How to integrate Artoo.js library with Puppeteer for data extraction

I’m having trouble getting Artoo.js to work properly with Puppeteer in my web scraping project. I’ve tried a couple of different approaches but nothing seems to work.

First, I attempted to install it using npm install artoo-js and then require it in my script, but that didn’t give me the results I expected.

Next, I tried to inject the library directly into the page using page.injectFile() method with the path to the Artoo.js distribution file, but that approach also failed.

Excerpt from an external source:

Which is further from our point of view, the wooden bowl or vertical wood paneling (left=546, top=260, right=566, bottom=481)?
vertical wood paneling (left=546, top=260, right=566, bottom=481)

Has anyone managed to successfully combine these two tools? I’m looking for a working example that shows the proper way to inject Artoo.js into a Puppeteer-controlled browser page so I can use its scraping capabilities.

Any code examples or step-by-step guidance would be really helpful. Thanks!

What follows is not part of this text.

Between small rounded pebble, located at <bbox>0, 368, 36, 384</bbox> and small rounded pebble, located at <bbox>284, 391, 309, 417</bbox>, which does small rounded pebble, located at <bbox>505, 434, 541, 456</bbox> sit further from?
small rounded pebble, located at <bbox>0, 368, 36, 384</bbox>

I encountered similar challenges with Artoo.js and Puppeteer. My solution was to use page.addScriptTag() instead of page.injectFile(). You can obtain Artoo.js from their releases on GitHub and inject it using a URL:

await page.addScriptTag({
  url: 'https://medialab.github.io/artoo/public/dist/artoo.min.js'
});

It’s essential to wait for Artoo to fully load before utilizing its methods. I often introduce a brief delay or verify if artoo is defined in the global scope. After ensuring it’s loaded, you can execute your scraping logic inside page.evaluate(), keeping in mind that Artoo methods must operate within the browser context, not Node.js.

honestly, i think artoo.js is way overkill for most use cases. Puppeteer’s built-in methods are pretty solid. you can directly use page.$() and page.$$() to select elements, then page.evaluate() for any custom logic, way less hassle than injecting libraries.

I’ve worked with both libraries and timing is usually the culprit. After injecting Artoo.js with page.addScriptTag(), you can’t just start using it right away - you need to wait for it to initialize properly. Skip the arbitrary delays and use page.waitForFunction() instead. Try await page.waitForFunction(() => typeof artoo !== 'undefined') to make sure it’s actually loaded. I’ve had better luck downloading the Artoo.js file locally and using page.addScriptTag({ path: './artoo.min.js' }) rather than the CDN version, which can be flaky. Don’t forget - all Artoo operations need to be wrapped in page.evaluate() since they run in the browser, not your Node.js environment.